■ ACTIVITY
Of all the lines below, return only those starting with the line holding "Axendale Iced Coffee" and going on through the line holding "Coffee Lover's Unisex", exactly as written.

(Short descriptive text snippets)
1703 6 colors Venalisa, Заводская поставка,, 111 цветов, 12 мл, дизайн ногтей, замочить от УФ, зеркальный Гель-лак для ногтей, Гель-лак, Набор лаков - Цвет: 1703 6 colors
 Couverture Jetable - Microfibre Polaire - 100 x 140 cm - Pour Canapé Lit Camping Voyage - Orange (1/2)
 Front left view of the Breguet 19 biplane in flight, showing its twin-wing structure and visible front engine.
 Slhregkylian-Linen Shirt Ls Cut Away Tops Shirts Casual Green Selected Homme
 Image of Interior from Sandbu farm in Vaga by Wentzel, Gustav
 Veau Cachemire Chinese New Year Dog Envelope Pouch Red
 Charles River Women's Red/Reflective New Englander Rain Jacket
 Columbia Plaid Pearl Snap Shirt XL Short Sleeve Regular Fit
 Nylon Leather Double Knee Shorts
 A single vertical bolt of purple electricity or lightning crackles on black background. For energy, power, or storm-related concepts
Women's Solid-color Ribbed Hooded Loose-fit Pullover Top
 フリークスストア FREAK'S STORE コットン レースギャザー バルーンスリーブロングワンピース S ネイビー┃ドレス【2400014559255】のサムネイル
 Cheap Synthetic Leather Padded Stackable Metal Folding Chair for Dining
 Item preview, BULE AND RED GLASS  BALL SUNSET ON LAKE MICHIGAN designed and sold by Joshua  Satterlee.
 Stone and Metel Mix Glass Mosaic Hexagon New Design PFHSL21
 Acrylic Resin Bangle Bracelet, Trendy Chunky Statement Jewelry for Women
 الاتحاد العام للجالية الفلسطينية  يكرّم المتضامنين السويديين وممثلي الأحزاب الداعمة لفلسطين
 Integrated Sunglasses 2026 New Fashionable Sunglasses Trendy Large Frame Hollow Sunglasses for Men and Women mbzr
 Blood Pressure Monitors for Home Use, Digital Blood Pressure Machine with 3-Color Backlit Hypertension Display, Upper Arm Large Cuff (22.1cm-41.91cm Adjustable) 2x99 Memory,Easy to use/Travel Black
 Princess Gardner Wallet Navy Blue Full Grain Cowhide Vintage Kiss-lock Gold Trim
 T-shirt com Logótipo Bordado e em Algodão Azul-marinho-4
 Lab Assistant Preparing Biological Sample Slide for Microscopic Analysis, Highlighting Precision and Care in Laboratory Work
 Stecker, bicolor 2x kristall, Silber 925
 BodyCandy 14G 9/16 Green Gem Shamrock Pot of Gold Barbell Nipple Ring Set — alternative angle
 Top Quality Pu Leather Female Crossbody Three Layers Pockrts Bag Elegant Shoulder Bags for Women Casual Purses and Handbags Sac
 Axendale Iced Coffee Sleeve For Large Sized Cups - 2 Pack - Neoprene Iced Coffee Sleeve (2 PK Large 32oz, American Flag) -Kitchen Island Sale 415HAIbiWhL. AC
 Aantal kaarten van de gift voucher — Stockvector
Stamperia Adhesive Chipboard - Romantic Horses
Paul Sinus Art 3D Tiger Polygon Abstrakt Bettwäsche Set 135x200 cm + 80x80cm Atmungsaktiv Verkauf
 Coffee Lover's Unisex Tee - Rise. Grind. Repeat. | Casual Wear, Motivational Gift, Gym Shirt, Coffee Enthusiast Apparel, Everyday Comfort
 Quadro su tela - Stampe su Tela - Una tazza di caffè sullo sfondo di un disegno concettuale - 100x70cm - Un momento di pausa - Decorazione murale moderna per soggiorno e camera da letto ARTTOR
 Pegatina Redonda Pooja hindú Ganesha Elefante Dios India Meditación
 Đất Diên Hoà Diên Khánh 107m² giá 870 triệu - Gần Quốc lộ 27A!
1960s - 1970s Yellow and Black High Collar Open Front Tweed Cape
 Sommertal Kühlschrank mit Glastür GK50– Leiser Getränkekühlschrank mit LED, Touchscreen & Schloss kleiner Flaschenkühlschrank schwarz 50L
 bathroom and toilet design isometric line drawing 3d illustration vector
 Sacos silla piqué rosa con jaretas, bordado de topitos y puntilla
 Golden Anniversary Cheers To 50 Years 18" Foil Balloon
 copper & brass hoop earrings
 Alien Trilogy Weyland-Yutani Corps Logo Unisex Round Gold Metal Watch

■ RESPONSE
 Axendale Iced Coffee Sleeve For Large Sized Cups - 2 Pack - Neoprene Iced Coffee Sleeve (2 PK Large 32oz, American Flag) -Kitchen Island Sale 415HAIbiWhL. AC
 Aantal kaarten van de gift voucher — Stockvector
Stamperia Adhesive Chipboard - Romantic Horses
Paul Sinus Art 3D Tiger Polygon Abstrakt Bettwäsche Set 135x200 cm + 80x80cm Atmungsaktiv Verkauf
 Coffee Lover's Unisex Tee - Rise. Grind. Repeat. | Casual Wear, Motivational Gift, Gym Shirt, Coffee Enthusiast Apparel, Everyday Comfort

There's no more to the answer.